Persistent Systems (3.9/5) is the better choice when mid-market and enterprise buyers wanting a publicly traded, multi-cloud certified partner with pre-built MLOps and explainable-AI accelerators.. If your situation matches those criteria, Persistent Systems is a competitive option.
Related comparisons
Grid Dynamics vs Persistent Systems FAQ
Is Grid Dynamics better than Persistent Systems?
Grid Dynamics (4.0/5) scores higher overall, but "better" depends on your use case. Grid Dynamics is better for fortune 1000 companies wanting the financial transparency and scale of a publicly traded ML engineering partner.. Persistent Systems is better for mid-market and enterprise buyers wanting a publicly traded, multi-cloud certified partner with pre-built MLOps and explainable-AI accelerators..

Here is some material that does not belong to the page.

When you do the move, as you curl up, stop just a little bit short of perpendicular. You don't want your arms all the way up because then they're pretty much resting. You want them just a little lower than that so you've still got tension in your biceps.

How do Grid Dynamics and Persistent Systems differ in pricing?
Grid Dynamics uses not published; enterprise custom sows pricing with a minimum engagement of Not published. Persistent Systems uses not published; enterprise project engagements pricing with a minimum engagement of Not published. Neither firm publishes a full rate card; a discovery call is required for project-specific quotes.

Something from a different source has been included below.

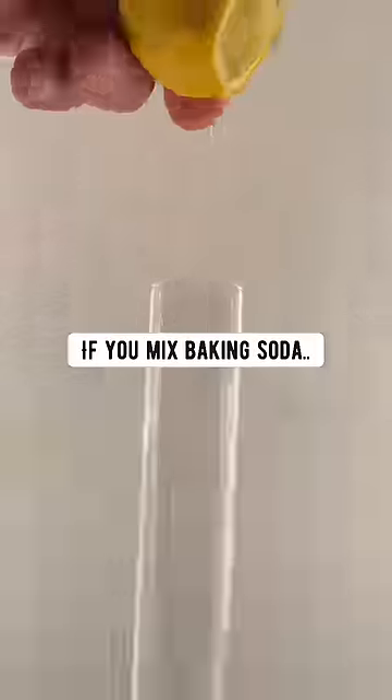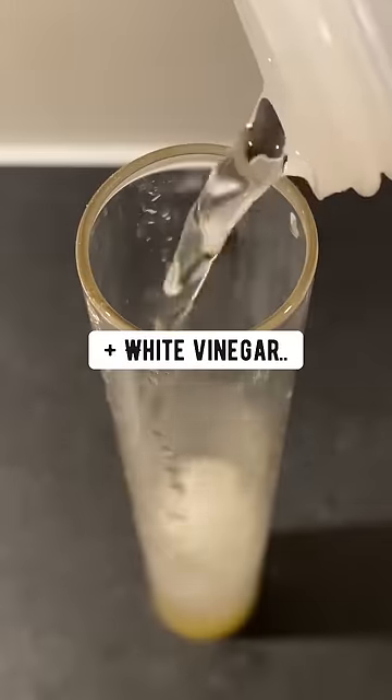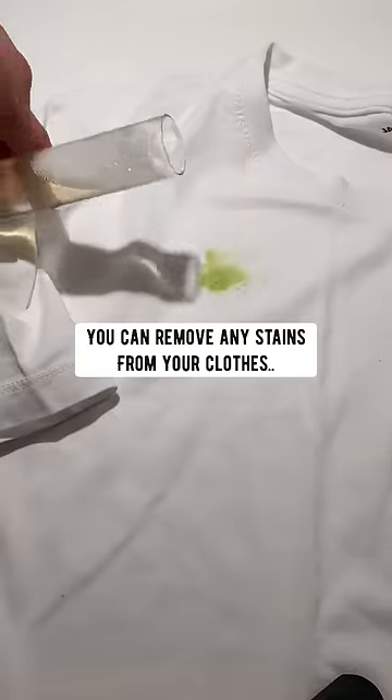Did you know if you mix baking soda with some lemon juice, add some white vinegar, a little bit of dish soap, and some water, shake it up, and boom! You can remove any stains from your clothes.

Which is better for enterprise: Grid Dynamics or Persistent Systems?
Grid Dynamics is the larger team and typically the better enterprise-scale choice. For very large programmes, verify team size and compliance coverage directly with each company before shortlisting.
What are the main differences between Grid Dynamics and Persistent Systems?
Grid Dynamics's primary differentiator is: the only publicly traded company (nasdaq: gdyn) in this comparison among the mid-to-large tier, giving buyers audited financial transparency unavailable from private peers.. Persistent Systems's primary differentiator is: purpose-built dxh accelerator suite for mlops and bias detection, plus a specific everest group leader ranking in the mid-market data & ai segment rather than only the largest enterprise tier.. They also differ in team size (1,001–5,000 vs 10,000+), minimum engagement (Not published vs Not published), and primary industries served (Retail, Pharmaceuticals vs Healthcare, Financial services).
Last reviewed: July 2026. Verify all details directly with each company before making a decision.